**WORK TO COMPLETE:** Keep the wording of the records intact as you retype them, and omit every image.

Data items

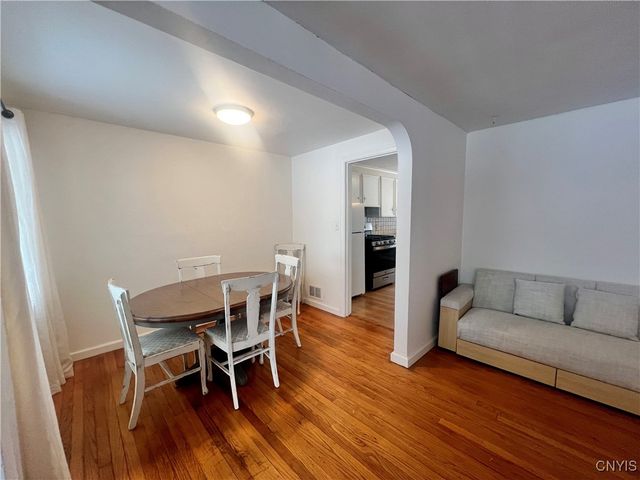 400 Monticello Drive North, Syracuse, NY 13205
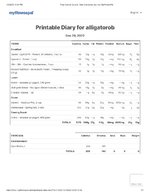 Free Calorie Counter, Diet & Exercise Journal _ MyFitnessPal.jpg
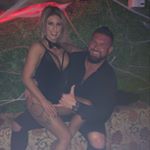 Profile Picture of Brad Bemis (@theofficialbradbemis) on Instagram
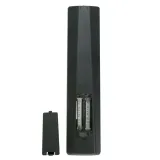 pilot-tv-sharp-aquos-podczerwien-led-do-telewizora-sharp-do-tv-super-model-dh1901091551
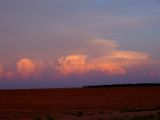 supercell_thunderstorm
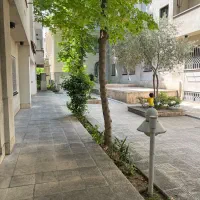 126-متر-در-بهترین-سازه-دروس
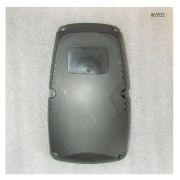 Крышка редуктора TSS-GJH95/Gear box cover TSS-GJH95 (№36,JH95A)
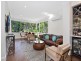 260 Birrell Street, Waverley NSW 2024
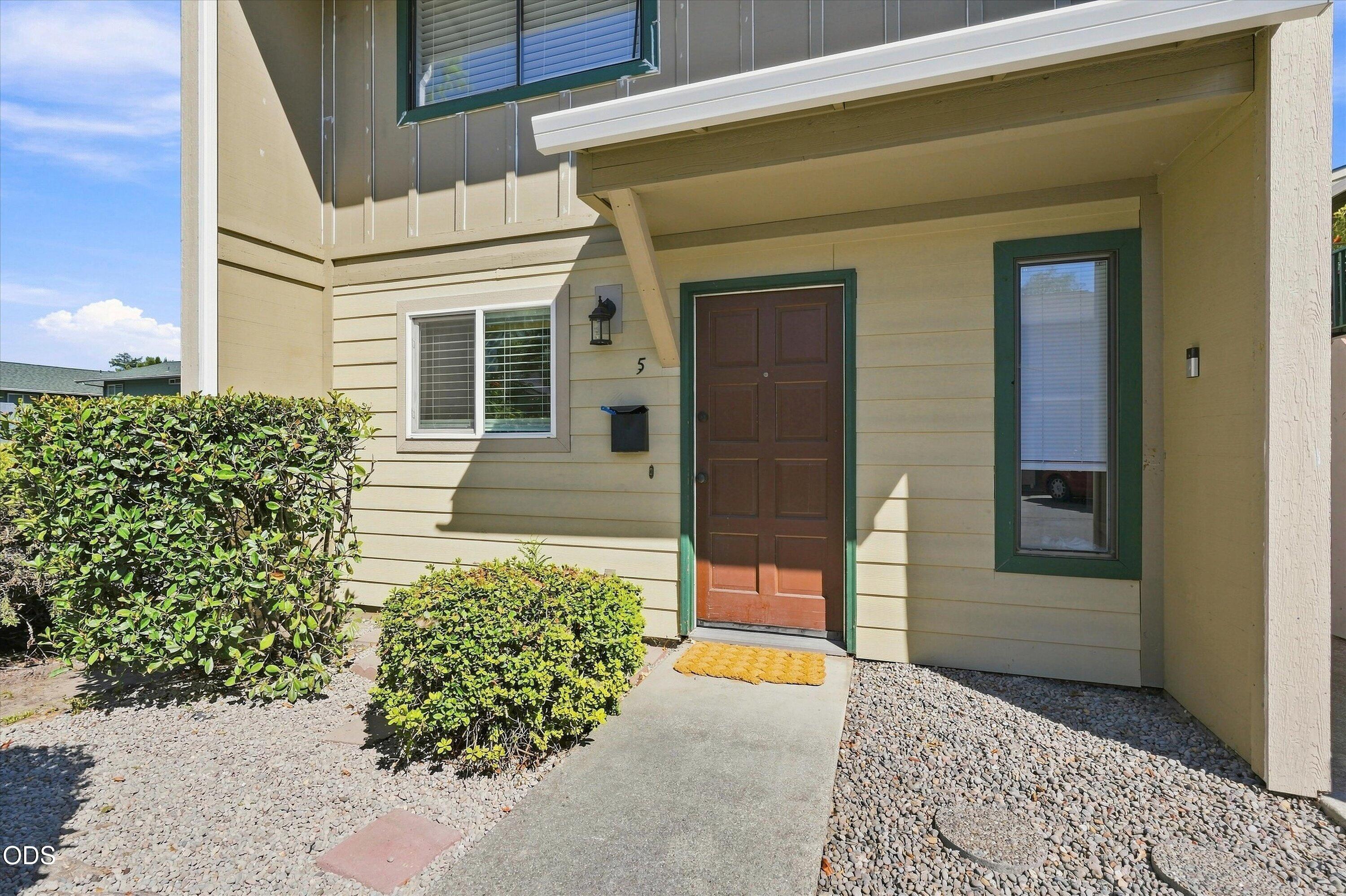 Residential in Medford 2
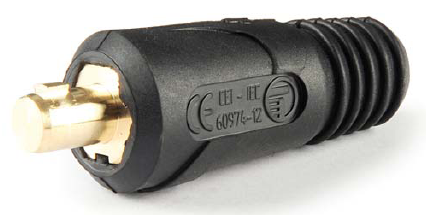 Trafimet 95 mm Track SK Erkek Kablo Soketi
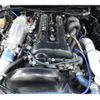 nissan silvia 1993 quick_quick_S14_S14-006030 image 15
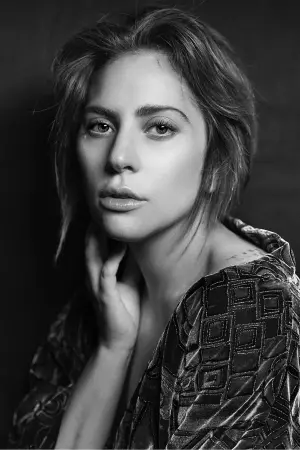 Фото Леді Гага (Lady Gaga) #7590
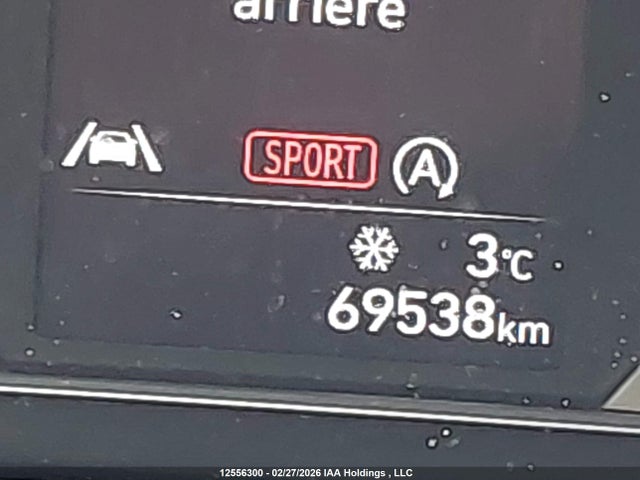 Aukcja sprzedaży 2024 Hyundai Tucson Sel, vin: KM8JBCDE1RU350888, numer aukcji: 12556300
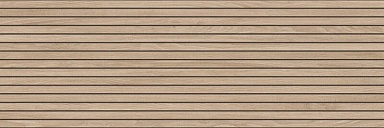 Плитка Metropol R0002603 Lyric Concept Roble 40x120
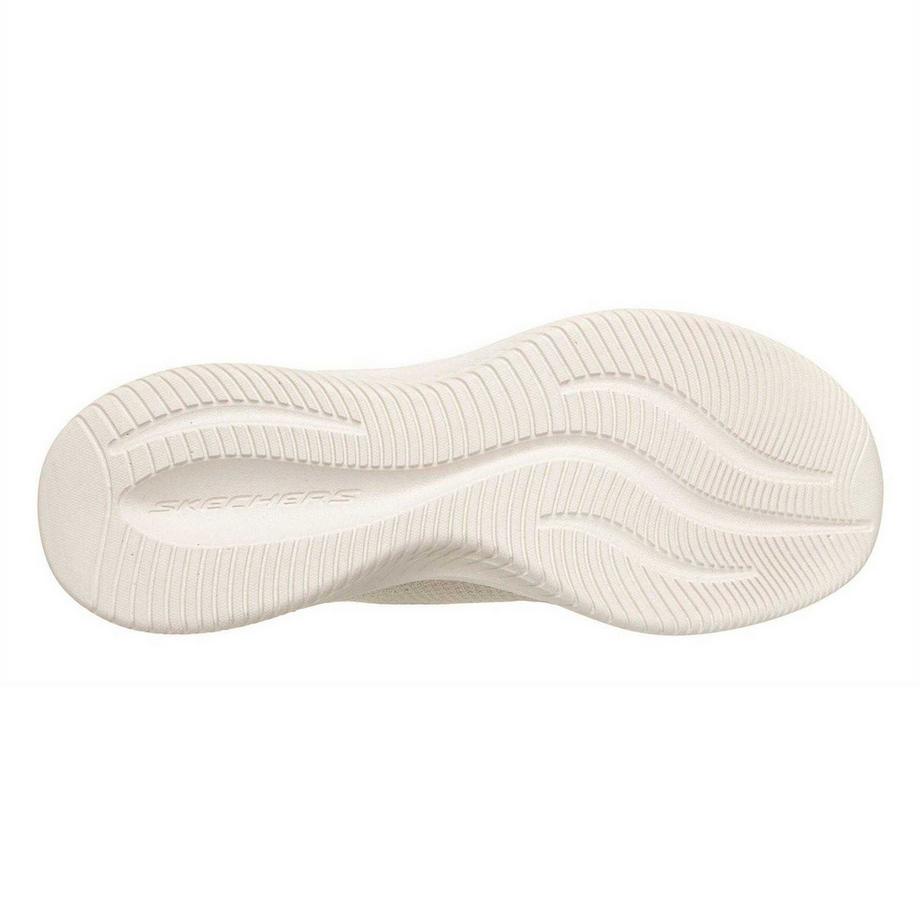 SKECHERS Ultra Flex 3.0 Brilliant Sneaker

**EXERCISE OUTPUT:**
 400 Monticello Drive North, Syracuse, NY 13205
 Free Calorie Counter, Diet & Exercise Journal _ MyFitnessPal.jpg
 Profile Picture of Brad Bemis (@theofficialbradbemis) on Instagram
 pilot-tv-sharp-aquos-podczerwien-led-do-telewizora-sharp-do-tv-super-model-dh1901091551
 supercell_thunderstorm
 126-متر-در-بهترین-سازه-دروس
 Крышка редуктора TSS-GJH95/Gear box cover TSS-GJH95 (№36,JH95A)
 260 Birrell Street, Waverley NSW 2024
 Residential in Medford 2
 Trafimet 95 mm Track SK Erkek Kablo Soketi
 nissan silvia 1993 quick_quick_S14_S14-006030 image 15
 Фото Леді Гага (Lady Gaga) #7590
 Aukcja sprzedaży 2024 Hyundai Tucson Sel, vin: KM8JBCDE1RU350888, numer aukcji: 12556300
 Плитка Metropol R0002603 Lyric Concept Roble 40x120
 SKECHERS Ultra Flex 3.0 Brilliant Sneaker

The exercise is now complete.